La promesa que el pintor Jaime Molina y el compositor Rafael Escalona se hicieron, una noche de parranda, y que había quedado a medias, ahora podrá concretarse.
El trato era muy simple. Si Escalona moría primero, Molina le haría un retrato, y si por el contrario, Molina moría primero, Escalona le preparaba un son.
Como el pintor murió en 1978, Escalona le compuso: Elegía a Jaime Molina, y ahora, con la muerte de Escalona, es muy probable que su retrato ya esté hecho.

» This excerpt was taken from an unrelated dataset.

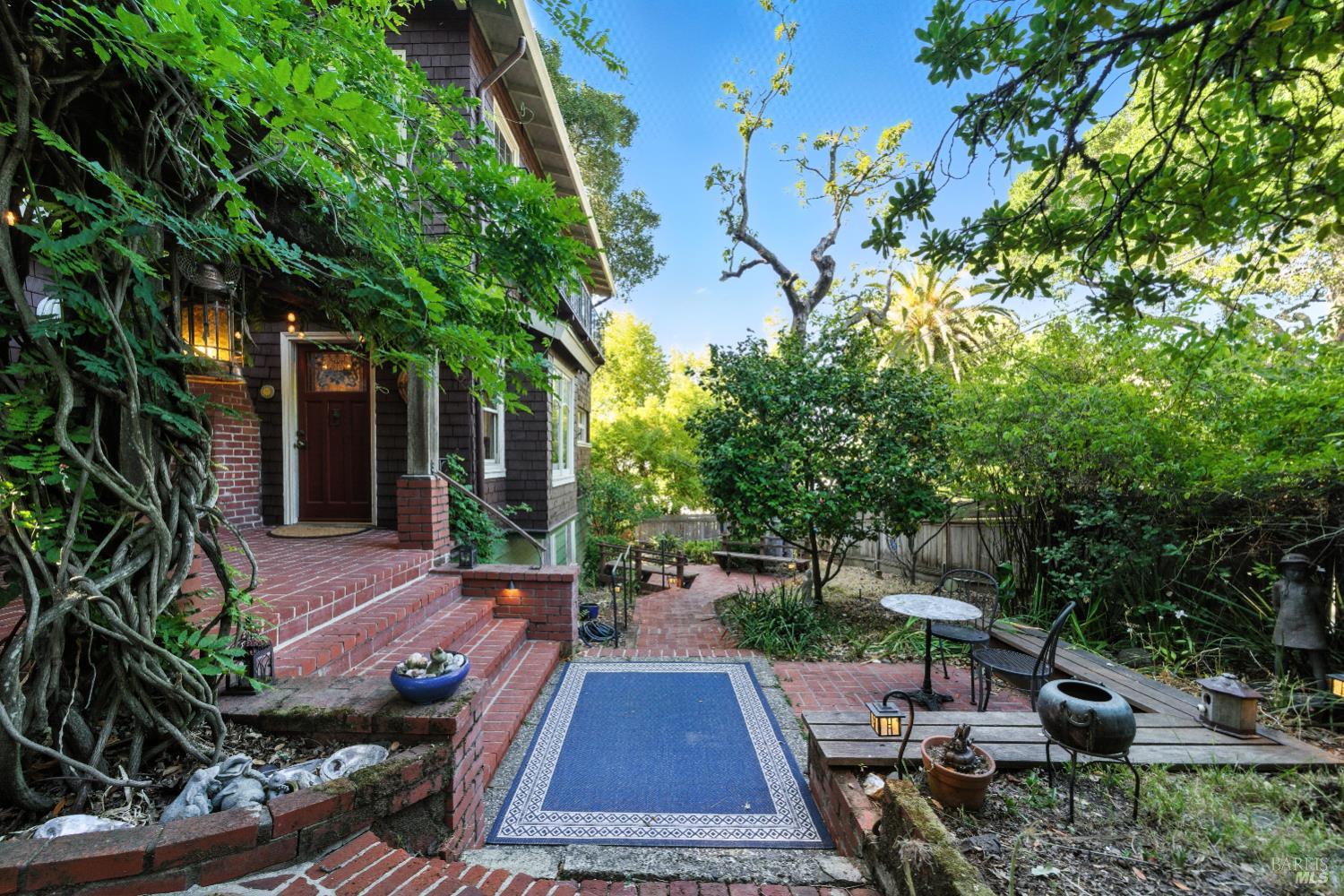 150 Bungalow Ave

Las cuentas dan. Ya han pasado cinco días del deceso del más grande de los compositores vallenatos de Colombia. A esta hora ya los amigos deben estar juntos compartiendo las crónicas de las noches estrelladas de Valledupar, donde las notas del acordeón resuenan en el aire.

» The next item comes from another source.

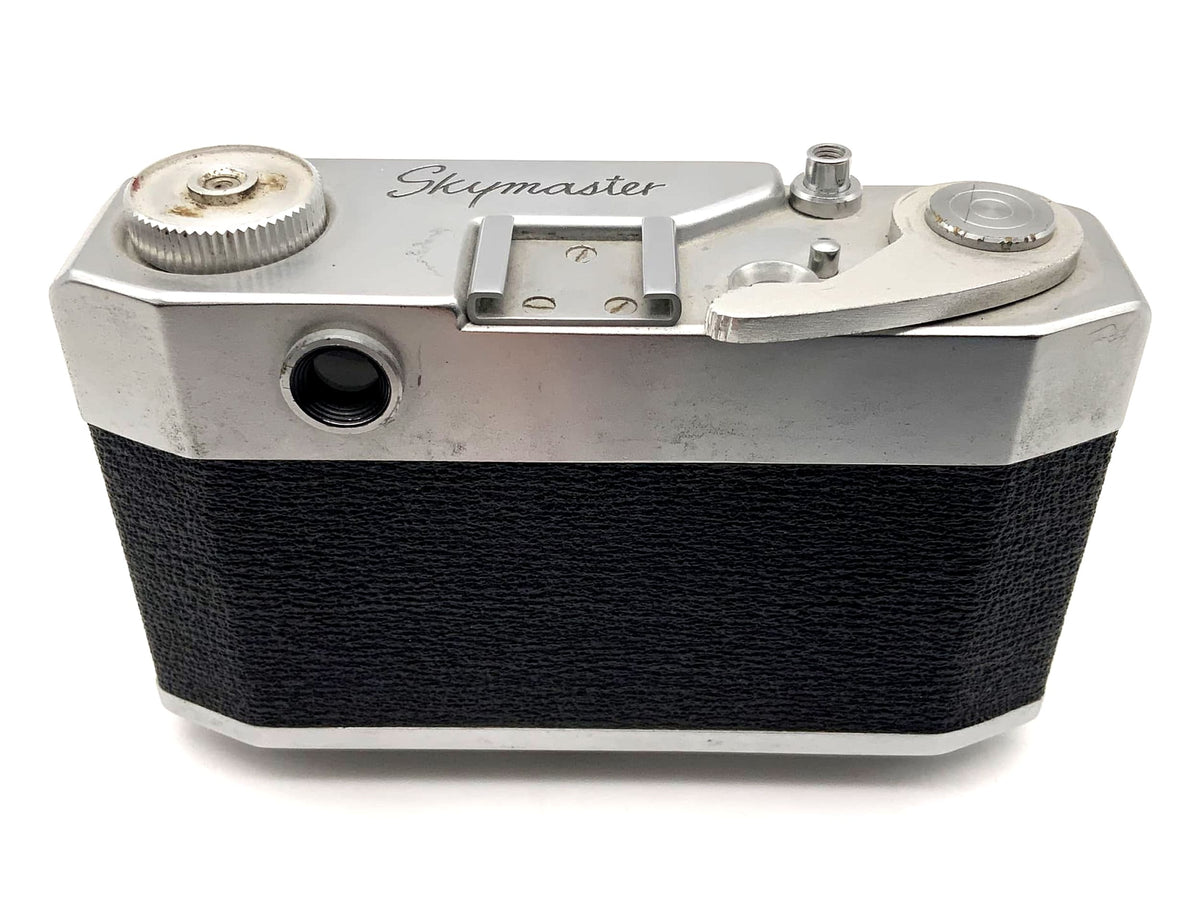 Skymaster vintage viewfinder camera with Luminor Anastigmat 45mm 1:2.8 35mm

Ya hablarían de sus amores, de versos tristes y de las gotas de lluvia cayendo sobre las aguas del río Guatapurí, en el corazón del Valle.
Y es que Escalona, con su alma de trovero enamorado, aparte de compositor era además un cronista de la cotidianidad. Convirtió episodios en grandes leyendas, y a simples personajes, en protagonistas inmortales de sus cantos. Así nacieron éxitos como: El testamento, La casa en el aire, La patillalera, La honda herida, La Maye, y muchas más.
“Escalona no es un compositor de música popular, es un relator de su época, del paisaje de su región y de sus gentes”, narró el periodista colombiano Álvaro Cepeda Samudio, en su crónica: “Una historia con acordeón”, que forma parte de la recopilación de escritos del libro Antología de grandes crónicas colombianas.